TOKYO—Shares were higher Monday in Europe after a mixed trading session in Asia, where the Shanghai benchmark jumped after reopening from the Lunar New Year holidays.
France’s CAC 40 added 0.3 percent in early trading to 6,968.99, while Germany’s DAX edged up 0.4 percent to 15,153.17. Britain’s FTSE 100 gained 0.4 percent to 7,546.10. The future for the Dow Jones Industrial Average lost 0.4 percent to 34,848.0. The S&P 500 future was 0.3 percent lower, at 4,477.25.
Investors also are watching for moves by central banks in India, Indonesia, and Thailand, which are all set to decide on monetary policy within the week.
In Asian trading, Japan’s benchmark Nikkei 225 lost 0.7 percent to finish at 27,248.87. Australia’s S&P/ASX 200 slipped 0.1 percent to 7,110.80. South Korea’s Kospi declined 0.2 percent to 2,745.06. Hong Kong’s Hang Seng was little changed, inching up less than 0.1 percent to 24,579.55, while the Shanghai Composite added 2 percent to 3,429.58.

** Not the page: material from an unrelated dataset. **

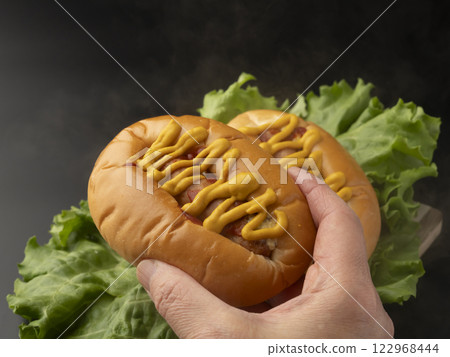 holding hot dog holding hot dog 122968444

This week brings earnings reports from some of the region’s biggest companies, including Japanese automakers. They may provide updates on shortages of computer chips and other disruptions and pressures related to the pandemic.
Surging COVID-19 infections in the region because of the omicron variant are also weighing on sentiment. Much of Japan is under a government-backed request for restaurants and bars to close early to slow the growth in cases and hospitalization.
On Friday, The S&P 500 gained 0.5 percent to 4,500.53. The Dow Jones Industrial Average slipped 0.1 percent, to 35,089.74 after a last-minute burst of selling. The Nasdaq composite rose 1.6 percent to 14,098.01. The three indexes posted a weekly gain for the second week in a row.
Smaller stocks in the Russell 2000 rose 0.6 percent to 2,002.36.
The U.S. Labor Department said employers added 467,000 jobs last month, triple economists’ forecasts. Some economists had expected a loss of jobs amid January’s surge in coronavirus infections because of the omicron variant.
Treasury yields leaped following the jobs report’s release, tracking forecasts that the Fed will hike short-term interest rates more aggressively than earlier expected.
“With the release of most major tech earnings, the Fed’s policy outlook may once again take center stage in the new trading week,” Jun Rong Yeap of IG said in a commentary.
Market watchers also will be eyeing fresh U.S. inflation data and jobless claims, due on Thursday.
The 10-year Treasury was at 1.90 percent on Monday, down from 1.92 percent.
In energy trading, benchmark U.S. crude fell $1.10 to $91.21 a barrel in electronic trading on the New York Mercantile Exchange. It surged $2.04 on Friday to $92.31. Brent crude, the international standard, slipped 69 cents to $92.58 a barrel.
In currency trading, the U.S. dollar fell to 115.17 Japanese yen from 115.28 yen. The euro cost $1.1446, down from $1.1461.